Looking at the U.S. Supreme Court’s rationale for extending attorney-client privilege beyond the demise of a human client — and citing U.S. District Court decisions from Central and Northern Illinois — the Colorado Court of Appeals ruled that Kenneth Fellman and his law firm, the former general counsel for a dissolved corporation named EAGLE-Net Alliance, could not claim attorney-client privilege for their communications with the defunct business when they were sued for an allegedly negligent misrepresentation in an opinion letter that the plaintiff relied on in contracting with EAGLE-Net. Affiniti Colorado v. Kissinger & Fellman, 2019 COA 147 (Sept. 12, 2019).

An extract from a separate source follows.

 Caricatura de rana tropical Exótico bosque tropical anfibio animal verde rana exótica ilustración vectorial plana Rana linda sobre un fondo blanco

Here are highlights of Judge Rebecca R. Freyre’s opinion (with light editing and omissions not noted):
Fellman urges us to follow the well-settled general rule that the privilege survives the death of a natural person, but acknowledges that whether the privilege survives the dissolution of a corporation is less settled. See In re Grand Jury Subpoena, 274 F. App’x 306 (4th Cir. 2008) (whether “the corporate attorney-client privilege survives the dissolution of the corporate entity” is an “unsettled legal question”). Thus, we begin with the well-settled jurisprudence.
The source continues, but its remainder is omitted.